Giron Development 2025: Value Moved Higher, but the Real Test Is Cash, Leasing and Refinancing
Giron ended 2025 with comprehensive income of NIS 161.2 million and a sharp uplift in investment-property value, but most of that jump came from revaluations led by the Sapir complex. The operating core stayed stable, and the story now shifts to refinancing a NIS 165 million bank bridge, re-leasing vacated space, and turning planning value into real NOI.
Getting To Know The Company
Giron Development is not a listed-equity growth story and it is not a broadly diversified institutional landlord. It is a bond-only public debt issuer with 20 income-producing properties in Israel, around 122.3 thousand sqm of leasable area, and a fairly simple economic engine built on rent, maintenance income, and funding.

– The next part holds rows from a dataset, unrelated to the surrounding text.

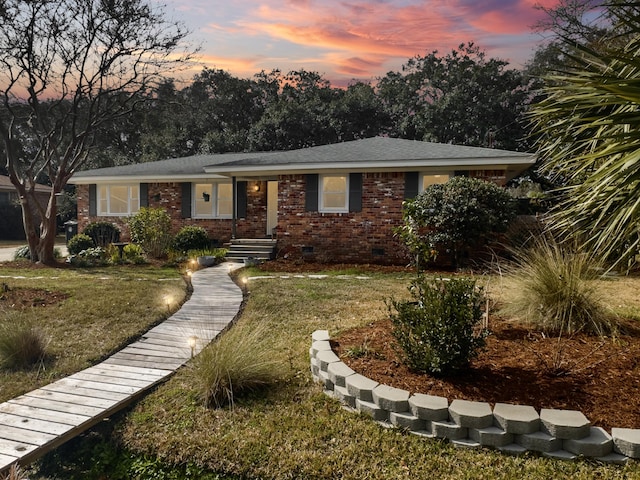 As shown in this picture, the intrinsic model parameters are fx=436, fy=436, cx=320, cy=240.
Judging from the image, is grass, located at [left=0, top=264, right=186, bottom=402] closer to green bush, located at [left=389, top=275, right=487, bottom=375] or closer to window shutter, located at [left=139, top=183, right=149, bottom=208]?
green bush, located at [left=389, top=275, right=487, bottom=375]

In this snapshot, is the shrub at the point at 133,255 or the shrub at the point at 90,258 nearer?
the shrub at the point at 90,258

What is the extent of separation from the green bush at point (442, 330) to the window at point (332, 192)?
902cm

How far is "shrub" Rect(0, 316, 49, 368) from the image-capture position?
5074 mm

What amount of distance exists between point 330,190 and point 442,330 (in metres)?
10.2

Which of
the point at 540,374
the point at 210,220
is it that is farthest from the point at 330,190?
the point at 540,374

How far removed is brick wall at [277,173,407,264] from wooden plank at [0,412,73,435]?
936 centimetres

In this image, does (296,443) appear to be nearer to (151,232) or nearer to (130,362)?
(130,362)

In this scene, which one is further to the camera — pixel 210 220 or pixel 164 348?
pixel 210 220

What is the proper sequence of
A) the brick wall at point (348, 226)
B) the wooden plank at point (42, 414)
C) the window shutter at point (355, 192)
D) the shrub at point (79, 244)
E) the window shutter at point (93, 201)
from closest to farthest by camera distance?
the wooden plank at point (42, 414) < the brick wall at point (348, 226) < the window shutter at point (355, 192) < the shrub at point (79, 244) < the window shutter at point (93, 201)

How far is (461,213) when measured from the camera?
1034 cm

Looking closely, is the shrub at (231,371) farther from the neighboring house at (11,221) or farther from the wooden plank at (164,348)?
the neighboring house at (11,221)

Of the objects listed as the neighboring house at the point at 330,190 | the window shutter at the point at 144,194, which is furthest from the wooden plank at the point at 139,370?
the window shutter at the point at 144,194

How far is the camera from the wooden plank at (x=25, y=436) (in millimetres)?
3485

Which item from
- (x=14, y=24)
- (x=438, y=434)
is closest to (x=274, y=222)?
(x=14, y=24) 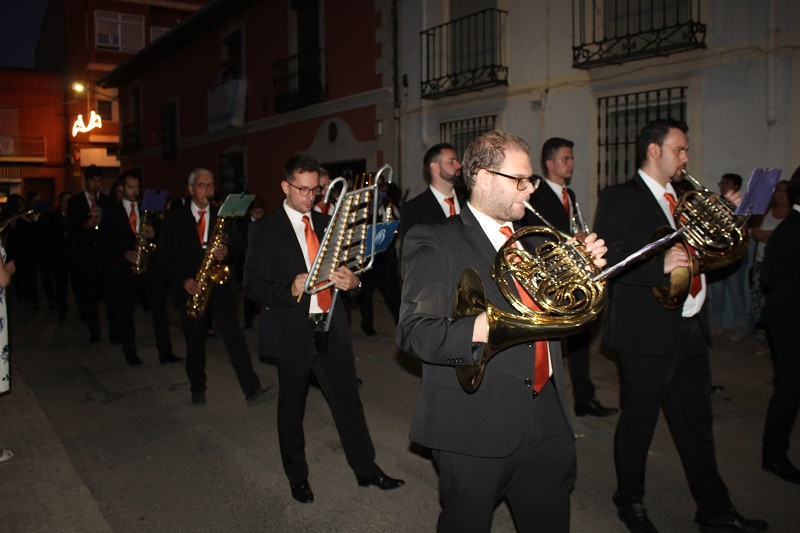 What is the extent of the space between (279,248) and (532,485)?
2214 mm

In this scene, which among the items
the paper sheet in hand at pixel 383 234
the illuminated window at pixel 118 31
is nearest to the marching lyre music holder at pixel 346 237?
the paper sheet in hand at pixel 383 234

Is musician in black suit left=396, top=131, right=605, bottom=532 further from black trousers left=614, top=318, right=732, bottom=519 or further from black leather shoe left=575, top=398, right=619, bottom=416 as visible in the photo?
black leather shoe left=575, top=398, right=619, bottom=416

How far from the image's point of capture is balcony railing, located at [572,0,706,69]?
9281 mm

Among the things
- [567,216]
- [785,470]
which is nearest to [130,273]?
[567,216]

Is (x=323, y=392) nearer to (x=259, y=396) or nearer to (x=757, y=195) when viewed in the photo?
(x=259, y=396)

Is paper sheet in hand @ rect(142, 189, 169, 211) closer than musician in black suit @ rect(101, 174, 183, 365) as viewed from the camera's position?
Yes

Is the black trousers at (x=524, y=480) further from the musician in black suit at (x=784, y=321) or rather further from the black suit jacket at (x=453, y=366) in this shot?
the musician in black suit at (x=784, y=321)

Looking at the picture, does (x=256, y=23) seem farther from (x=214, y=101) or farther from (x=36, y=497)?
(x=36, y=497)

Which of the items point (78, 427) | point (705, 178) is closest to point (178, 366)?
point (78, 427)

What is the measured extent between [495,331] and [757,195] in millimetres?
2295

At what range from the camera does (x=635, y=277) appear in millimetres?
3596

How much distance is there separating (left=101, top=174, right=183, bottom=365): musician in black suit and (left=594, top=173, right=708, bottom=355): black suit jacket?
546 centimetres

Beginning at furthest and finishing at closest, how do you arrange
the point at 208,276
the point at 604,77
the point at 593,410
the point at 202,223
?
the point at 604,77 < the point at 202,223 < the point at 208,276 < the point at 593,410

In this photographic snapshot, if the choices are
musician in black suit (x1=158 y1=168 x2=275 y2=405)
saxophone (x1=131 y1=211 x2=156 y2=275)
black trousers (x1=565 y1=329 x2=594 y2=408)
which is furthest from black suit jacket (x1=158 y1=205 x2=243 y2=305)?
black trousers (x1=565 y1=329 x2=594 y2=408) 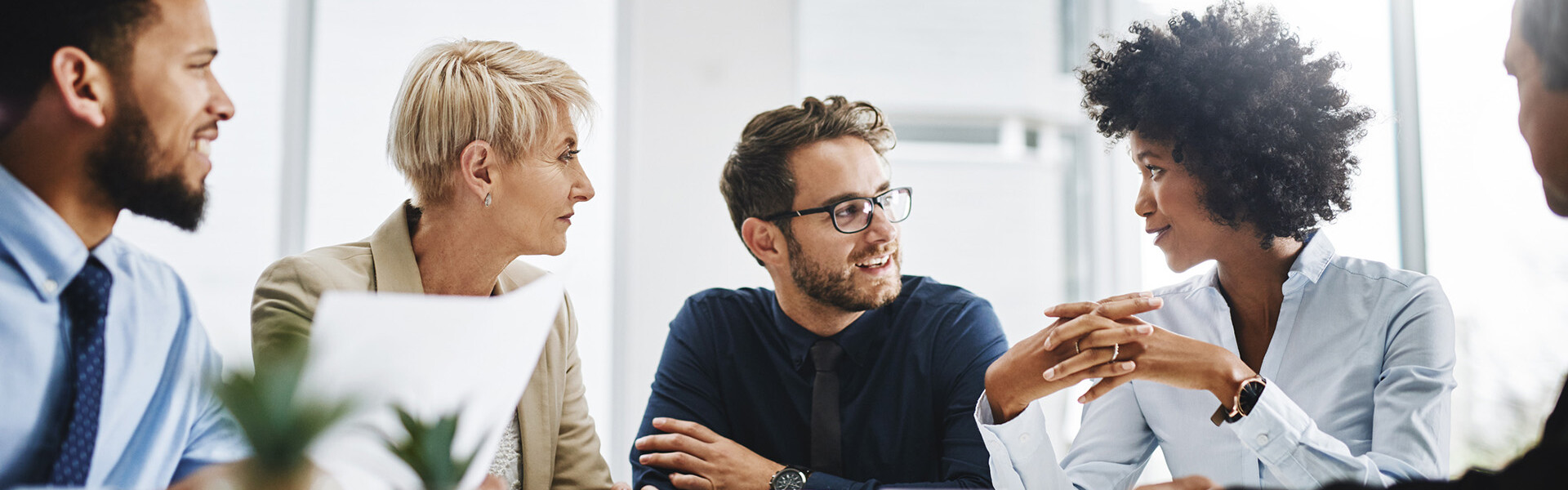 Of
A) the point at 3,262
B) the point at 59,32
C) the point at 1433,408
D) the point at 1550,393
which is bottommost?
the point at 1550,393

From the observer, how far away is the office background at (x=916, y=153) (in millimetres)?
2305

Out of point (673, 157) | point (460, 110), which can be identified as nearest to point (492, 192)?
point (460, 110)

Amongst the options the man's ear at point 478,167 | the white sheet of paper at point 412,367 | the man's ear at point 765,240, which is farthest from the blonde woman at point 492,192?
the white sheet of paper at point 412,367

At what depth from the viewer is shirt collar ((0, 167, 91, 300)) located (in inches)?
34.1

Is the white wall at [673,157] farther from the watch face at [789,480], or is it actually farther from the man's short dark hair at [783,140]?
the watch face at [789,480]

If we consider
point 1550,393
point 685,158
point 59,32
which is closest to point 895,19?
point 685,158

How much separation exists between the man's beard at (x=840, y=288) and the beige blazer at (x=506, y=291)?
1.66 ft

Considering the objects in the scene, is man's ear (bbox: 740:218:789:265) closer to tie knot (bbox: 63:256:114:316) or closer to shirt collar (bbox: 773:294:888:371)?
Answer: shirt collar (bbox: 773:294:888:371)

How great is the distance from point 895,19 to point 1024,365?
2.37 metres

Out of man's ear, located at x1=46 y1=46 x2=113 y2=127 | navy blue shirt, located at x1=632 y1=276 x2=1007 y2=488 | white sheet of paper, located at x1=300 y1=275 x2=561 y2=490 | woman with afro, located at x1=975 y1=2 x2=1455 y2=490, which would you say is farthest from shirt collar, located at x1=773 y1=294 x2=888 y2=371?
man's ear, located at x1=46 y1=46 x2=113 y2=127

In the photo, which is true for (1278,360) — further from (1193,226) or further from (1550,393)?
(1550,393)

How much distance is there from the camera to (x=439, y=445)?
717mm

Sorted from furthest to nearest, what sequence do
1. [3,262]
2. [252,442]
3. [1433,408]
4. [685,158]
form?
[685,158]
[1433,408]
[3,262]
[252,442]

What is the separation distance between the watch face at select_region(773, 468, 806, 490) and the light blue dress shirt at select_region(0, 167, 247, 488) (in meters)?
0.89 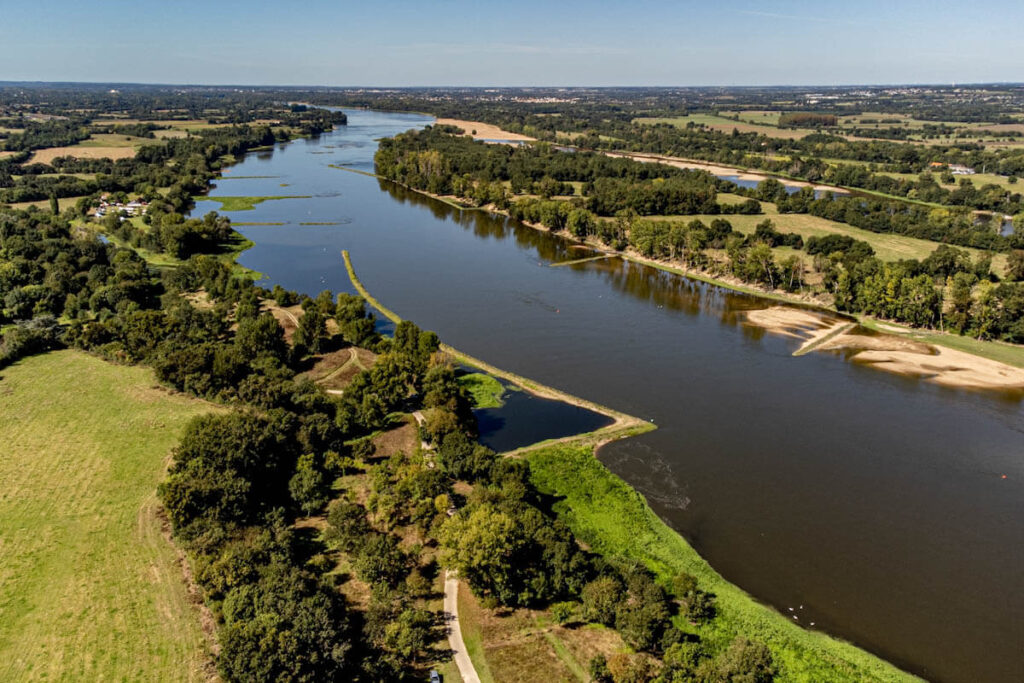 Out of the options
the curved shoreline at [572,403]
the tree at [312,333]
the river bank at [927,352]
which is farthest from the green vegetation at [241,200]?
the river bank at [927,352]

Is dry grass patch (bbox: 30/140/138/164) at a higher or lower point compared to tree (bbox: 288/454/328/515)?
higher

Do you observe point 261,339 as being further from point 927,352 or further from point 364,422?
point 927,352

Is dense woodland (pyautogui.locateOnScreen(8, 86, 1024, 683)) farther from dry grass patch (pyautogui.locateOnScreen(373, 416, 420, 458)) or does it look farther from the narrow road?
dry grass patch (pyautogui.locateOnScreen(373, 416, 420, 458))

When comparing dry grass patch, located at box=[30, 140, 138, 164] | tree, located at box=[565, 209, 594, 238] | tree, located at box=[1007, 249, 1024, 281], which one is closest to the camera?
tree, located at box=[1007, 249, 1024, 281]

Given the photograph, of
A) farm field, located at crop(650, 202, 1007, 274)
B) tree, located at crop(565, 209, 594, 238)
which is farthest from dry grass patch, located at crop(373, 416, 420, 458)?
farm field, located at crop(650, 202, 1007, 274)

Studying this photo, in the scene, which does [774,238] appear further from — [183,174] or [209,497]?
[183,174]

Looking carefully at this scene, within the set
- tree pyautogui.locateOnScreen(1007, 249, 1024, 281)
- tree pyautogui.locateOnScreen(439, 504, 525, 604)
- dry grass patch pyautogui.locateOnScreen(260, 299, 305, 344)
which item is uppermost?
tree pyautogui.locateOnScreen(1007, 249, 1024, 281) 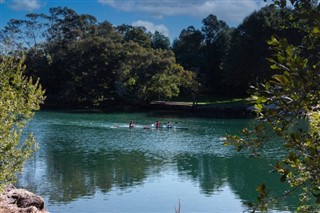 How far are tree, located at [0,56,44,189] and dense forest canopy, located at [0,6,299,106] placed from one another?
42351mm

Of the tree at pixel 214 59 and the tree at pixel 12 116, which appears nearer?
the tree at pixel 12 116

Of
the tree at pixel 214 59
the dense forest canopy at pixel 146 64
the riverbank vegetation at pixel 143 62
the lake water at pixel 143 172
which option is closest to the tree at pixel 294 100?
the lake water at pixel 143 172

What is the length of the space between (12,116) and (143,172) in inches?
573

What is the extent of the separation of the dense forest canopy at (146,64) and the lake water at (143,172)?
2024cm

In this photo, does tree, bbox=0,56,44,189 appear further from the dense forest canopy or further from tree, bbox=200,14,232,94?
tree, bbox=200,14,232,94

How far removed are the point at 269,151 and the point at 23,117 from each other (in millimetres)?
21184

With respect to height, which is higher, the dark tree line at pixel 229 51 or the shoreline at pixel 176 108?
the dark tree line at pixel 229 51

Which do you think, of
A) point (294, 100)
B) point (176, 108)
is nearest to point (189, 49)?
point (176, 108)

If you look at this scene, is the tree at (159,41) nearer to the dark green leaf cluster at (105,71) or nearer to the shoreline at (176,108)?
the dark green leaf cluster at (105,71)

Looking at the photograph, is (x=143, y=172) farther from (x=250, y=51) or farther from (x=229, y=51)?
(x=229, y=51)

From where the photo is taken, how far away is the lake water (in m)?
17.5

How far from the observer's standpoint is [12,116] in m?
9.15

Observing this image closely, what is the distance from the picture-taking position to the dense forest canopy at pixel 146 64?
57969mm

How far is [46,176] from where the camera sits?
2161cm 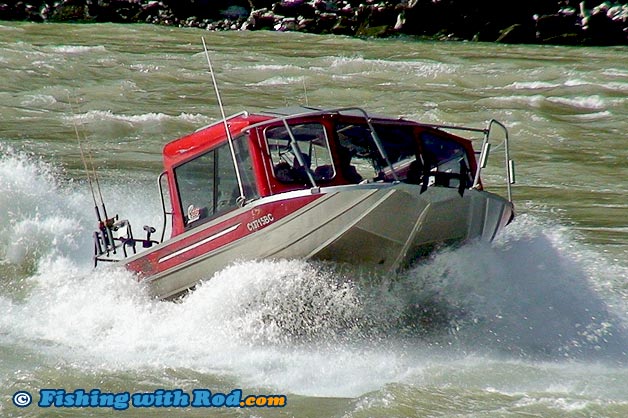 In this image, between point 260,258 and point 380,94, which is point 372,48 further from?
point 260,258

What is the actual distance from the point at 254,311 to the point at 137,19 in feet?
113

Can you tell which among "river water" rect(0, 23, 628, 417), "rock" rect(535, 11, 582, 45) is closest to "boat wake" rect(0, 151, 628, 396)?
"river water" rect(0, 23, 628, 417)

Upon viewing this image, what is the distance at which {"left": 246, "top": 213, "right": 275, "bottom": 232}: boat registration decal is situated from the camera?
1039cm

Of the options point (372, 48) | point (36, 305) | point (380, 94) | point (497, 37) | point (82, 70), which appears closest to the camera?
point (36, 305)

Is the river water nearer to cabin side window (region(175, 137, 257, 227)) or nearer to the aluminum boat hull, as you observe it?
the aluminum boat hull

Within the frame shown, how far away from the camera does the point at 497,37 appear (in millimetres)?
39000

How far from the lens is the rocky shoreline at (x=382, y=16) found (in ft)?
126

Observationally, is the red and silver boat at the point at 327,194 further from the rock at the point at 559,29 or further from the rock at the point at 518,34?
the rock at the point at 518,34

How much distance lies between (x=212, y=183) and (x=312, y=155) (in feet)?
3.72

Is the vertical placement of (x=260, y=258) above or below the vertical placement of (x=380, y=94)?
above

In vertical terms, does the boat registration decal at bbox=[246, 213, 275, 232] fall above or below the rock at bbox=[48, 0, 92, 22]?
above

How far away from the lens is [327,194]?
33.2 feet

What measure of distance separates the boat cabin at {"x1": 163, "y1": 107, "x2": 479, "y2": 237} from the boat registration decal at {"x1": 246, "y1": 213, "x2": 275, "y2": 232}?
8.6 inches

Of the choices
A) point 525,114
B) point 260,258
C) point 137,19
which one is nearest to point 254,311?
point 260,258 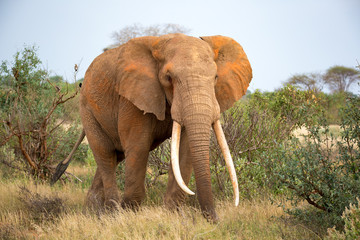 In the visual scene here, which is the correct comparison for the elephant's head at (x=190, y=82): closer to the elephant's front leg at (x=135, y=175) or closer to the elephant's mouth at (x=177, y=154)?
the elephant's mouth at (x=177, y=154)

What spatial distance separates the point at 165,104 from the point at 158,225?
4.60 feet

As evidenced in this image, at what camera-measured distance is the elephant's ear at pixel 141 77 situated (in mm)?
4914

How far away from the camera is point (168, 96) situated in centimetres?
485

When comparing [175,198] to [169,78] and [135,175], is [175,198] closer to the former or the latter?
[135,175]

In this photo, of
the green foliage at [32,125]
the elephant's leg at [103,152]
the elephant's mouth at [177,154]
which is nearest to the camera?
the elephant's mouth at [177,154]

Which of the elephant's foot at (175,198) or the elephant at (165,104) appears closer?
the elephant at (165,104)

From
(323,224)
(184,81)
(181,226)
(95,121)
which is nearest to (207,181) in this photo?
(181,226)

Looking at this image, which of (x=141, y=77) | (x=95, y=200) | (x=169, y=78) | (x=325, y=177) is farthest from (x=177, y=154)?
(x=95, y=200)

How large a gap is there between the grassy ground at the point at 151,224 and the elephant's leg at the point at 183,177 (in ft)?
0.47

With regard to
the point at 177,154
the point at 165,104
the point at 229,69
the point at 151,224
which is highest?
the point at 229,69

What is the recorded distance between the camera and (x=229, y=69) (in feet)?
17.5

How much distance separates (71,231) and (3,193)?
2.92 metres

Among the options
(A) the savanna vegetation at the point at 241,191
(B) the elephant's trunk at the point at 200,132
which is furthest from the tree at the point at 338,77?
(B) the elephant's trunk at the point at 200,132

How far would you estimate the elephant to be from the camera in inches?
172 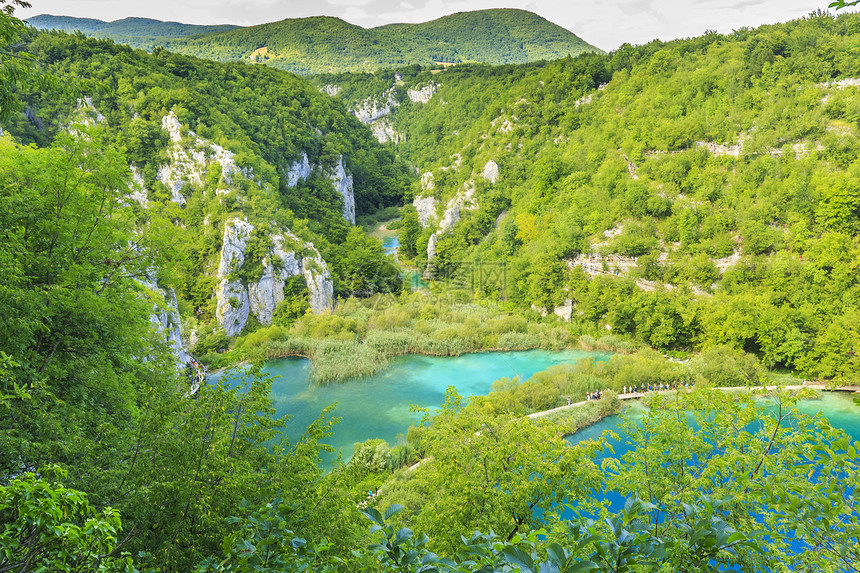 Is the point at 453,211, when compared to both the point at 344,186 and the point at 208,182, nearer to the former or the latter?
the point at 344,186

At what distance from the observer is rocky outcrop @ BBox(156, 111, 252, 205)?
34.8 metres

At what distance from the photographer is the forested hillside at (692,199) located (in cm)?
2486

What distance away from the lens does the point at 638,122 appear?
3809 centimetres

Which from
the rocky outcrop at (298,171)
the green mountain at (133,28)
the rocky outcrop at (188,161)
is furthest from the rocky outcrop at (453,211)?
the green mountain at (133,28)

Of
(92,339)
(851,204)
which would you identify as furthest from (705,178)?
(92,339)

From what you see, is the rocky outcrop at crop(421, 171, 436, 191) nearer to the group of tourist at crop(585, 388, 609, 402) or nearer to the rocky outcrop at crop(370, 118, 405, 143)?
the group of tourist at crop(585, 388, 609, 402)

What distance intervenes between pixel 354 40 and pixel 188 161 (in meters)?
152

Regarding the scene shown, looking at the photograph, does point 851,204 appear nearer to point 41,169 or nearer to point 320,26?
point 41,169

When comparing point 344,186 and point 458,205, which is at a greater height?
point 344,186

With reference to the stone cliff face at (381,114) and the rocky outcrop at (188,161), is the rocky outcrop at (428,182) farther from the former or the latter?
the stone cliff face at (381,114)

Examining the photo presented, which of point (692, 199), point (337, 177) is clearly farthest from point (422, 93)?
point (692, 199)

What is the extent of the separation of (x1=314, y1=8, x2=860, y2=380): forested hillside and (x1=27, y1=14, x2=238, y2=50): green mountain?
135m

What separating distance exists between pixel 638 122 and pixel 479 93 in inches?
1790

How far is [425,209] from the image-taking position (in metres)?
55.7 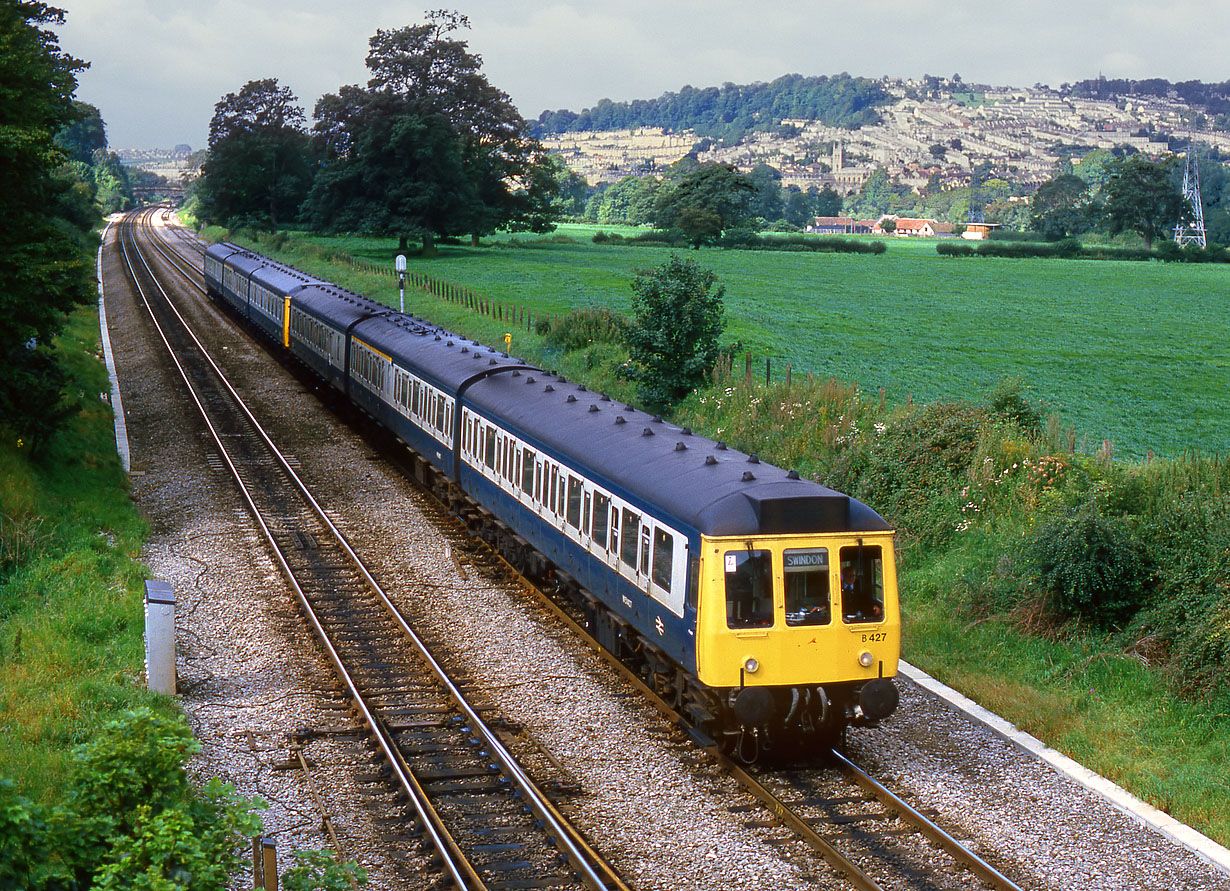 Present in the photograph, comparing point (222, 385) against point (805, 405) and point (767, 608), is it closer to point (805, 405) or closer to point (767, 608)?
point (805, 405)

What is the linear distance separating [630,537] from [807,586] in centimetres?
267

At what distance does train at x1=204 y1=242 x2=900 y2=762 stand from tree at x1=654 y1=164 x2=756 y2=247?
316ft

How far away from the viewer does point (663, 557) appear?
13031 millimetres

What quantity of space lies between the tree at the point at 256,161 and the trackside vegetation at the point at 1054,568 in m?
82.5

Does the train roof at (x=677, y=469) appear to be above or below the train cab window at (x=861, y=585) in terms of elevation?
above

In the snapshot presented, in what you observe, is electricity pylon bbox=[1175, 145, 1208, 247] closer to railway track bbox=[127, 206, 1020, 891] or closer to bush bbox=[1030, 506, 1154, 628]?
bush bbox=[1030, 506, 1154, 628]

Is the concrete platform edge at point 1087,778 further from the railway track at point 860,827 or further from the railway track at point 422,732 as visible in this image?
the railway track at point 422,732

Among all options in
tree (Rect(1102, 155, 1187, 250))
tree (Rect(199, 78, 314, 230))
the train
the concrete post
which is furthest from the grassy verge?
tree (Rect(1102, 155, 1187, 250))

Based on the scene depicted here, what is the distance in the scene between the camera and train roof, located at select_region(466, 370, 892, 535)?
11.9m

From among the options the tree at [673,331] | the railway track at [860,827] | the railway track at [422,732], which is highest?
the tree at [673,331]

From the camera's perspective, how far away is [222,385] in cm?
3800

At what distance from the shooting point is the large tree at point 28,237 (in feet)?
66.9

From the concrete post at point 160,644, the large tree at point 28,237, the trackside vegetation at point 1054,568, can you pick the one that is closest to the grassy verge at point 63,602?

The easy 2025 reading is to look at comprehensive income of NIS 161.2 million and at the NIS 151.6 million uplift in investment-property value. That is only half the picture.
What is working today is the core portfolio. Revenue rose to NIS 126.5 million, total NOI reached NIS 101.8 million, nominal FFO rose to NIS 52.4 million, the equity-to-assets ratio climbed to 51.6%, and the company still reports roughly 330 tenants with no single tenant contributing 10% or more of consolidated revenue. What is not clean is the layer between value and liquidity. Cash and cash equivalents fell from NIS 262.1 million to NIS 37.7 million, working capital moved to a NIS 175.3 million deficit, and a fully repaid Series V bond stack was replaced in part by a NIS 165 million short-term bank line.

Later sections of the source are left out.